▶ **Problem**: Where the listing below reaches the line containing "950cm Portable Volleyball", start writing out lines exactly, and stop once the line containing "Kaelakeed Eternal love tsirkooniumiga" has been written.

▶ **Recorded data**:
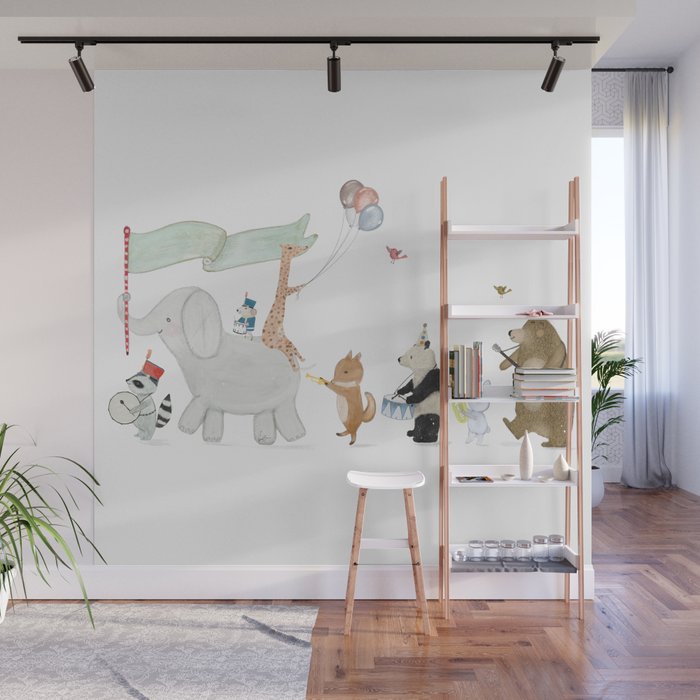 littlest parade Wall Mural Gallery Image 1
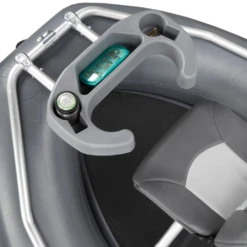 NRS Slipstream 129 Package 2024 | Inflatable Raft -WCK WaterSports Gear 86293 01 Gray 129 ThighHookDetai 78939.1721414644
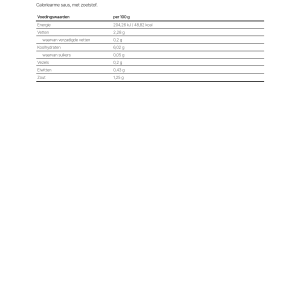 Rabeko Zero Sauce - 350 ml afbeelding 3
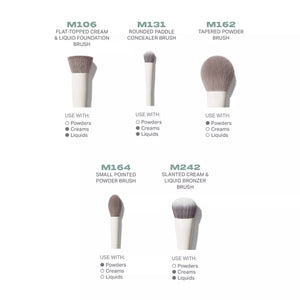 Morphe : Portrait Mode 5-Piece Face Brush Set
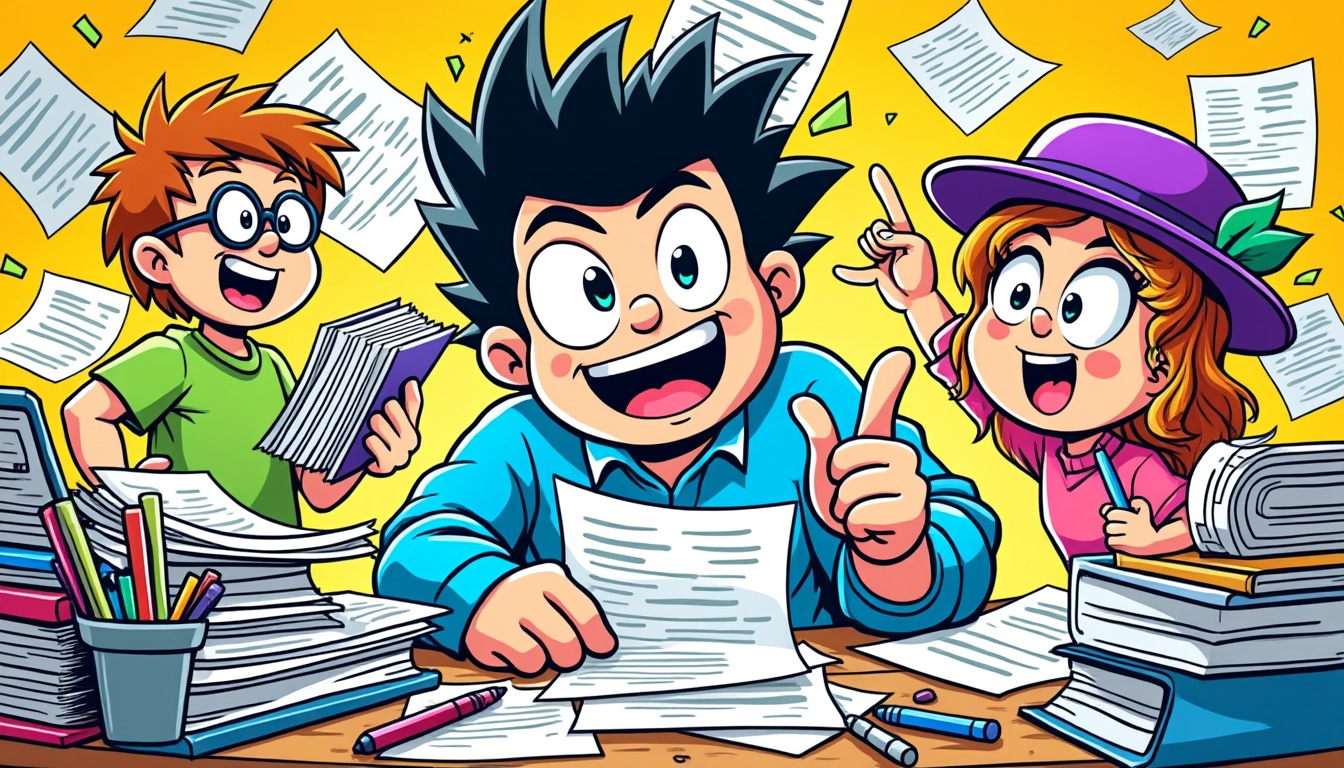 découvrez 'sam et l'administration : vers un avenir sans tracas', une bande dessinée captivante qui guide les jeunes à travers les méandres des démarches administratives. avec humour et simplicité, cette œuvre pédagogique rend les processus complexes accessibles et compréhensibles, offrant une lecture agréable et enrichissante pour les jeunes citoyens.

...

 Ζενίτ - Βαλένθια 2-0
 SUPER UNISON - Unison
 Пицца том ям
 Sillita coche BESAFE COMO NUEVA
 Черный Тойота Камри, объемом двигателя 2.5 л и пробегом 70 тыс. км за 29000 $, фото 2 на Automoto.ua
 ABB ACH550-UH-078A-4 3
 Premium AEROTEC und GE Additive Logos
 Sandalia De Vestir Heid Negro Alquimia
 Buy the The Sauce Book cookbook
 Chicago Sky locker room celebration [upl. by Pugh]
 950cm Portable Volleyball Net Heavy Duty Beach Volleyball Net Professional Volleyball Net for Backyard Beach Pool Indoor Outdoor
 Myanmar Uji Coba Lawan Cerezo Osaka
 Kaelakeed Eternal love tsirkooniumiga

▶ **Result of the exercise**:
 950cm Portable Volleyball Net Heavy Duty Beach Volleyball Net Professional Volleyball Net for Backyard Beach Pool Indoor Outdoor
 Myanmar Uji Coba Lawan Cerezo Osaka
 Kaelakeed Eternal love tsirkooniumiga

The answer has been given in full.